Governor Ambode played the conciliating husband after the wedding, and suddenly the bride accused him of holiness. We were in the terrain of hosanna today, crucify him tomorrow.
So, by pouring scorn on the Lagos State Governor, they were actually indicting themselves and apologising for voting the way they did. It was teething lesson in governance. It is a good thing it has happened. And Lagosians and Nigerians now know that there is virtue in discipline. That Fashola was not wrong and Ambode is now right.
He has released the men of LASTMA and police on the streets and the evidence is beginning to show. The husband is getting a good grip of the bride. The traffic problem has been like this always towards the end of the year, but it coincided with the teething days of the governor. That is what is called a double jeopardy.
Some of the culprits have had his attention. Oshodi, for instance. In the past couple of weeks, it has eased, especially towards the late evenings. Before that, the yellow bus drivers hogged the road and waited to fill up before moving. All commuters were held hostage. Now, the police stand, gun in hand, in menacing duty. The buses are now coy.
The Economist magazine furrowed many brows in its characterisation of Ambode. Writing in a sardonic style, its story fell short of its cherished promise of promoting liberalism and free market. It would have compared traffic in London to Lagos and how technology has been the fulcrum of the handling of modern traffic. It made no reference to suggested innovations. It just went on a free fall of prejudice, contradicting itself. It called for law and order and condemned it in Fashola’s era.
Nothing tells the story of the traffic situation than Governor Ambode’s encounter with one of the offenders of Lagos traffic. Two Sundays ago while the governor was driving around town to see things for himself, a yellow bus hurtled towards him. It was driving on a one-way lane, against the rules.
The governor stopped his car, stepped out, and confronted the driver. The picture was famous on the front pages of a few dailies. The driver walked out surprised to see the state’s first citizen. Governor Ambode asked him why he was violating the traffic law.
All the driver did was to plead for forgiveness. He said he was heading for church and he had to take that route with his fellow churchgoers in order not lag behind the grace of God.
Now this was typical Nigerian. He had sinned against heaven and against man. So, too, the churchgoers who tagged along. They did not give unto Caesar what was Caesar’s. If they did, they would have abided by the traffic law. They did not give unto God what is God’s.
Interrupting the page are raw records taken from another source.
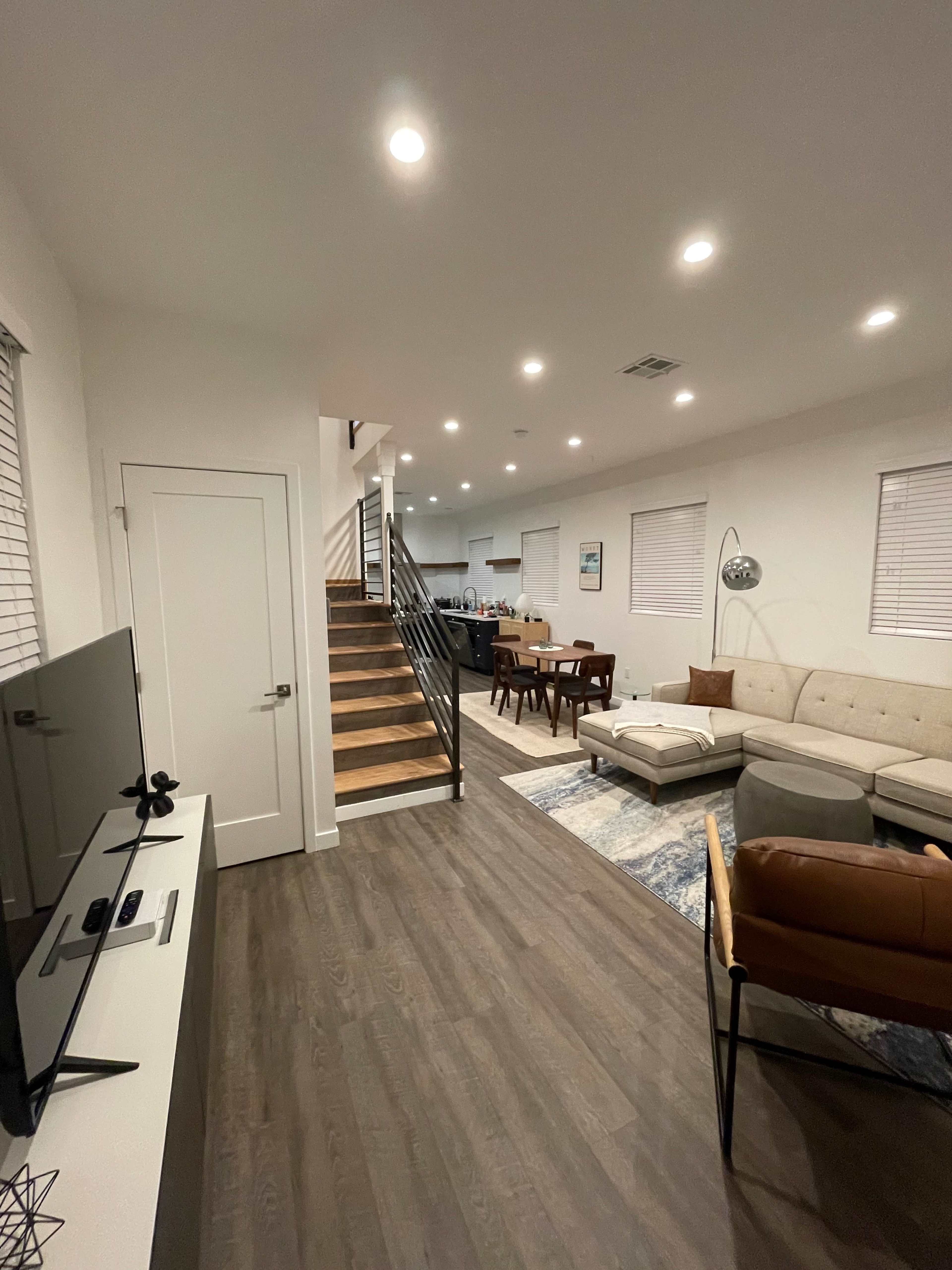 The image shows a modern living space with a staircase on the left, a couch and television in the foreground, and a dining area in the background.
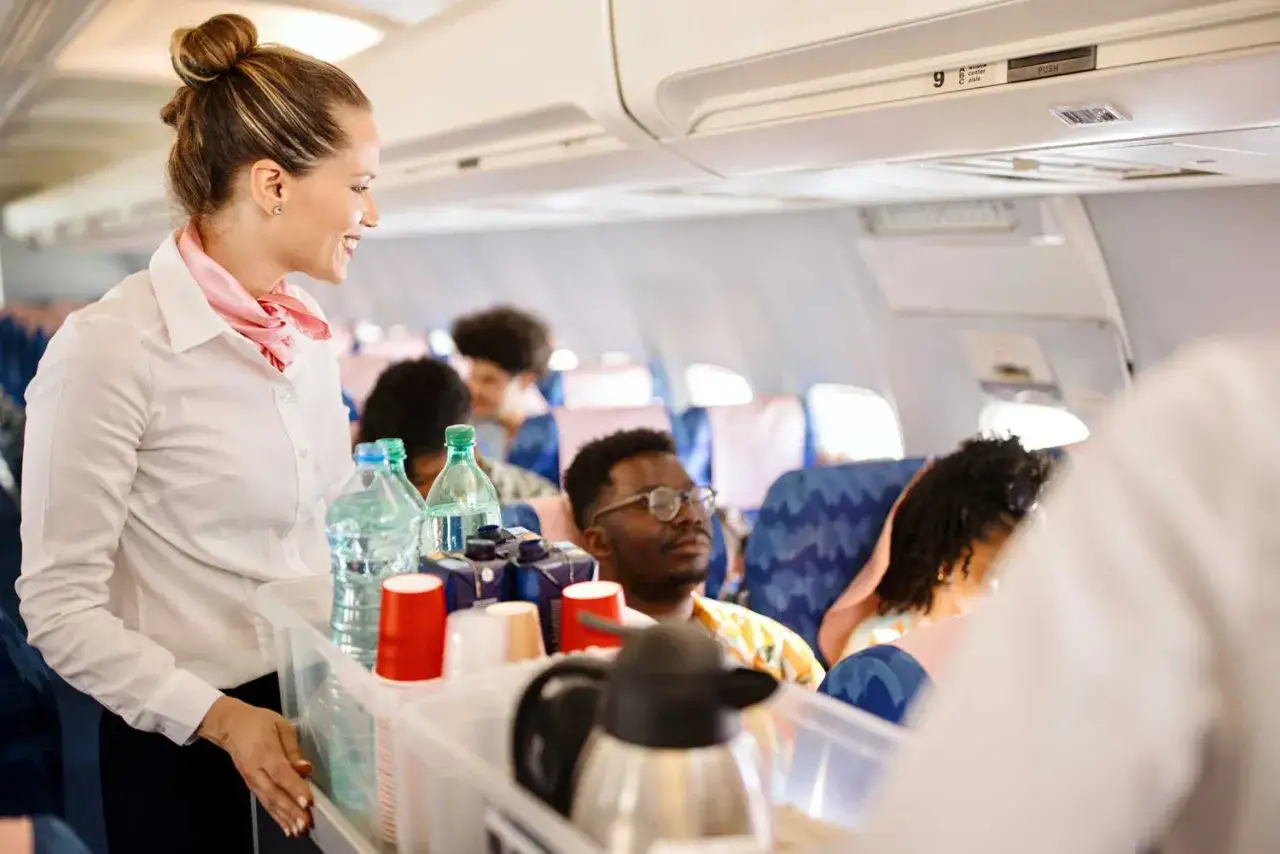 Flugbegleiterin mit einem Tablett voller Getränke und Tassen, lächelnd zu Passagieren im Flugzeug.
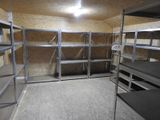 a room with a lot of shelves and shelves in it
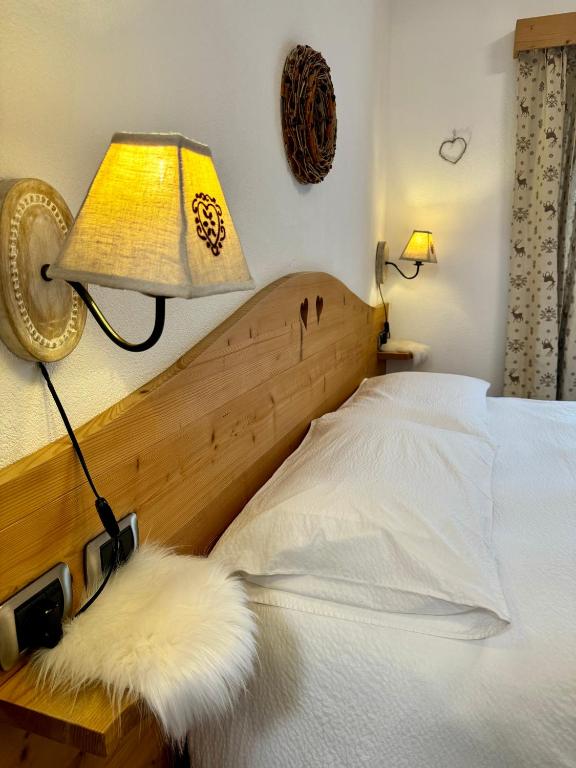 Postel nebo postele na pokoji v ubytování La Rosa Home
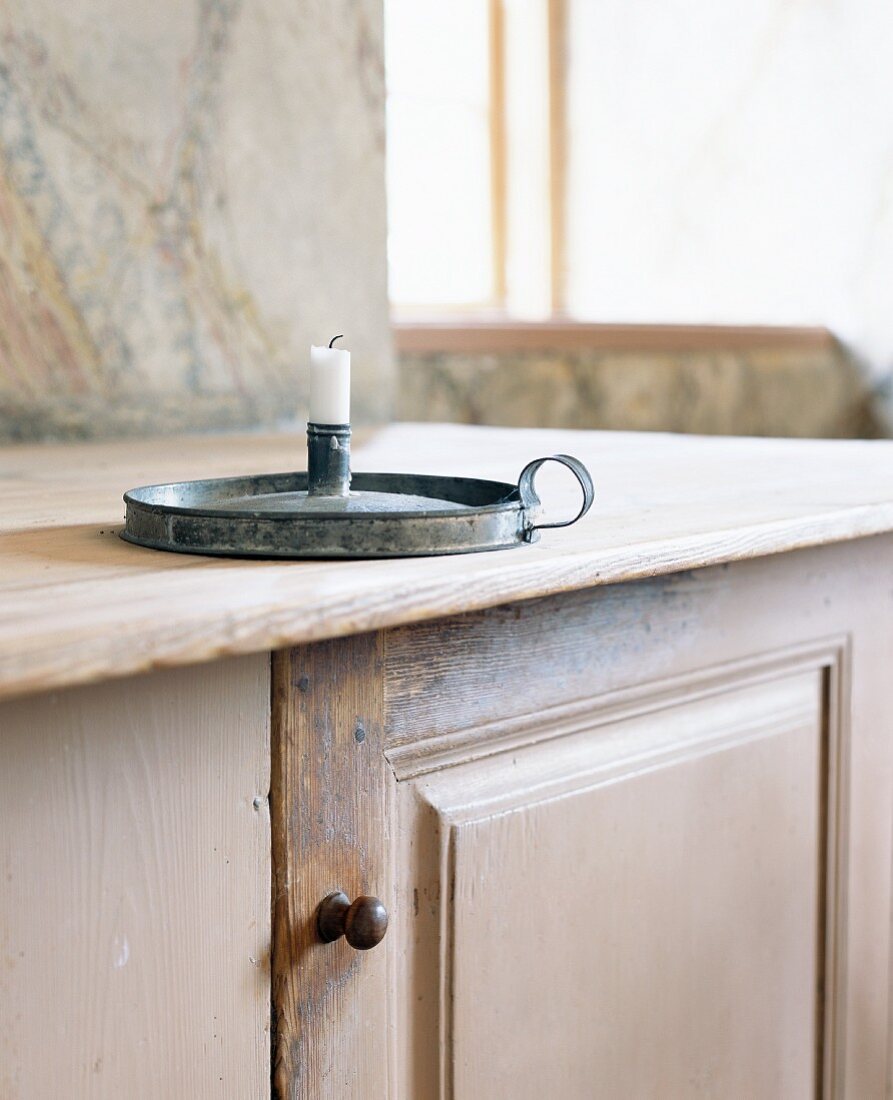 Candle in antique candlestick on wooden cabinet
If they did, they would not have sinned against Caesar by violating the law of the land.
No one will cavil at Ambode at election time or at any other time by railing at the virtue of enforcing discipline. By endorsing discipline now, Lagosians, including artisans, okada riders and peddlers of market chaos, have shown remorse at their own past ill grace.
If Ambode had continued with the measures he inherited, they would have accused him of perpetuating tyranny. Early on, he would have been held hostage. This is liberating moment, an epiphany in discipline.
Because of this important distraction, few have seen some of the capital things Ambode has done. Lagos today is the most active in infrastructure work in Nigeria, with work going on in a flurry in many parts from Mile 12 to Yaba to Ikorodu Road to Ipaja to Victoria Island.
In his play, All is Well that Ends Well, Shakespeare dramatises two lovers that never begin well but end well. Some have called the play a tragedy and others comedy. Modern critics call it a “problem play” because it dances on a perilous border between laugh and cry. Ambode has somehow with the early problems nudged the city to the early cracks of a laugh by helping to make Lagosians vote for discipline over chaos. Added to this is his foray into technology to fight the mighty bears. For instance, the use of helicopters helps to locate and isolate traffic and criminals and fight them from the air.
Now Governor Ambode has to figure out how to make LASTMA incorruptible.